J. da Costa Pimpão, Coimbra, Almedina, 1994, p. 125.
_________
1 claro e
manifesto – de forma clara e incontestável.
2 gesto –
rosto.
3 bem-aventurança
–
grande felicidade.
1. Explicite, com
base em dois aspetos significativos, o modo como o sujeito poético reage à
figura feminina evocada no poema. Fundamente a sua resposta com transcrições
pertinentes.
2. Considere as
afirmações seguintes sobre o soneto.
(A) O
sujeito poético dirige-se à Senhora através de uma apóstrofe.
(B) A
expressão «perder a vista» (verso 3) é usada com sentido metafórico.
(C) O
sujeito poético arrepende-se de desejar algo cujo preço elevado o impede de
saldar a dívida.
(D) O
poema ilustra o estilo engenhoso do poeta, nomeadamente no último terceto,
quando recorre à
antítese e ao paralelismo alcançado através do
jogo de palavras.
(E) Entre
a Senhora e o sujeito poético existe uma relação de igualdade.
Identifique as
duas afirmações falsas.
3. Selecione a
opção que completa corretamente a frase seguinte.
Na segunda quadra, o sujeito poético pretende
enfatizar
(A) a
sua entrega incondicional, a fim de ser merecedor de admirar a beleza singular
dos olhos da Senhora.
(B) o
seu descontentamento por ter de pagar o «preço honesto» exigido a quem
contempla a Senhora.
(C) o
contraste entre o preço a pagar para contemplar a Senhora e a bem-aventurança
que alcança.
(D) a
ideia de que, ao dar a vida e a alma para ser merecedor da beleza da Senhora,
se iguala aos outros.
4. Leia
a cantiga de amor a seguir transcrita, tendo em vista o estabelecimento de uma
comparação com o soneto camoniano “Quem vê, Senhora, claro e manifesto”.
A dona que eu
am’e tenho por senhor
amostrade-mi-a, Deus, se vos en prazer for1,
senom dade-mi2 a morte.
A que tenh’eu por lume3 destes olhos meus
e por que choram sempr’, amostrade-mi-a, Deus,
senom dade-mi a morte.
Essa que vós fezestes melhor parecer
de quantas sei, ai, Deus!, fazede-mi-a veer4,
senom dade-mi a morte.
Ai Deus! que mi a fezestes mais ca mim amar5,
mostrade-mi-a, u6 possa com ela falar,
senom dade-mi a morte.
Cantigas
Medievais Galego-Portuguesas, Vol.
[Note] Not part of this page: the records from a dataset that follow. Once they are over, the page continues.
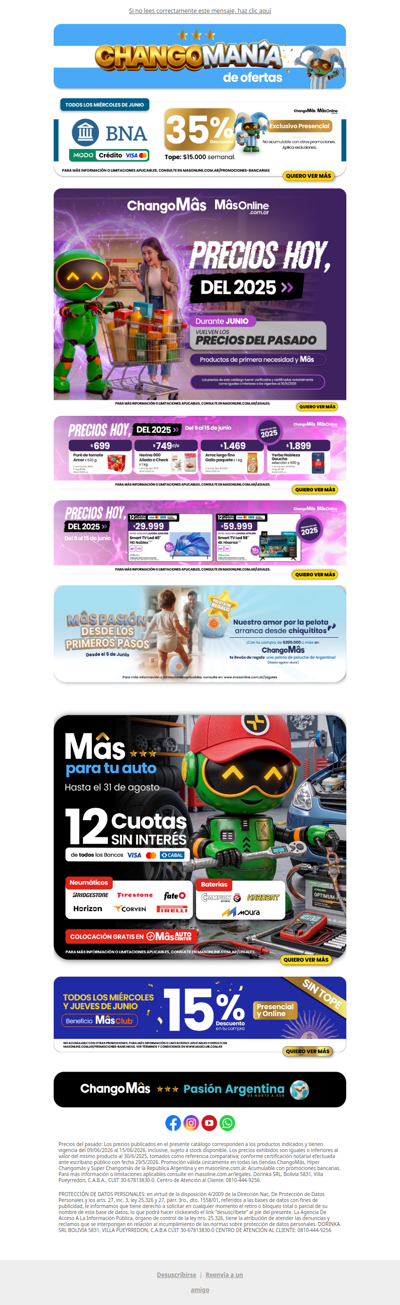 🔥 Miércoles de superahorro: 35% de descuento BNA y Precios de 2025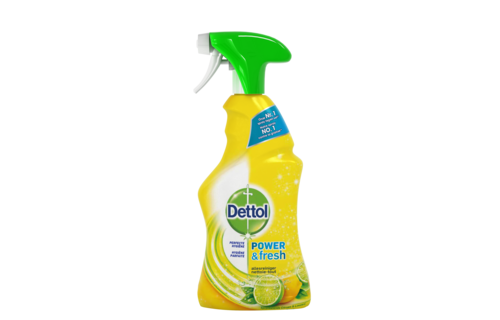 Dettol Allesreiniger Spray Power & Fresh - Citrus - 500ml x6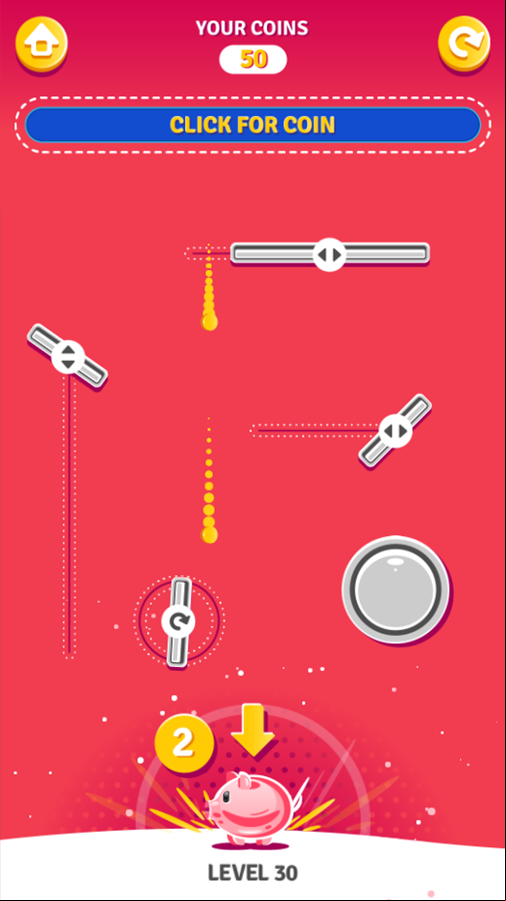 Piggy Bank Game Final Level Screenshot.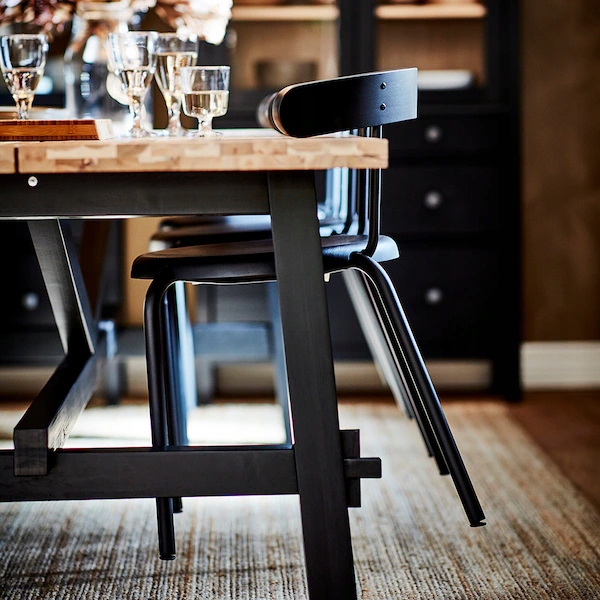 IKEA YNGVAR Krzesło antracyt Szerokość siedziska 40 cm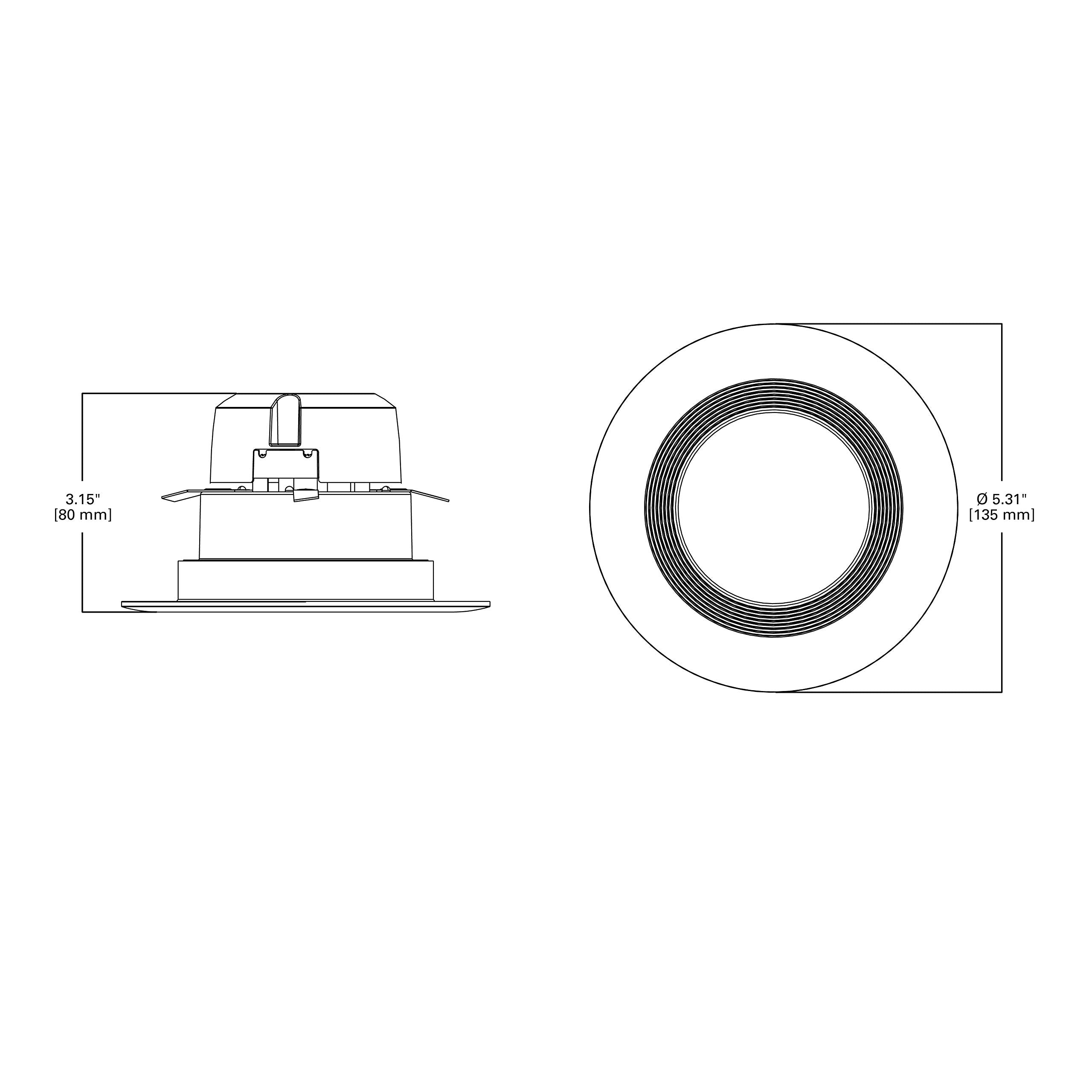 Halo 4-Inch Recessed Led Can Light - Retrofit Ceiling & Shower Downlight - 5000K - Baffle White Trim - 1 Pack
I, edição de
Graça Videira Lopes, Lisboa, Biblioteca Nacional de Portugal, 2016, pp.
151-152.
___________
1 amostrade-mi-a,
Deus, se vos en prazer for – mostrai-ma, Deus, se vos agradar.
2 dade-mi
–
dai-me.
3 lume – luz.
4 fazede-mi-a
veer – fazei-me vê-la.
5 mi a
fezestes mais ca mim amar – fizeste com que eu a amasse mais do que a mim
próprio.
6 u – onde.
4.1. Escreva uma
breve exposição na qual compare os dois poemas quanto às ideias expressas.
A sua exposição deve incluir:
• uma
introdução;
• um desenvolvimento no qual explicite um aspeto em que os poemas se aproximam e um aspeto em que os poemas se distinguem;
• uma conclusão adequada ao desenvolvimento do texto.
Explicitação
de cenários de resposta
Nota: Nos
tópicos de resposta de cada item, as expressões separadas por barras oblíquas ‒
à
exceção
das utilizadas no interior de cada uma das transcrições ‒
correspondem a exemplos de formulações possíveis, apresentadas em alternativa.
As ideias apresentadas entre parênteses não têm de ser obrigatoriamente
mobilizadas para que as respostas sejam consideradas adequadas.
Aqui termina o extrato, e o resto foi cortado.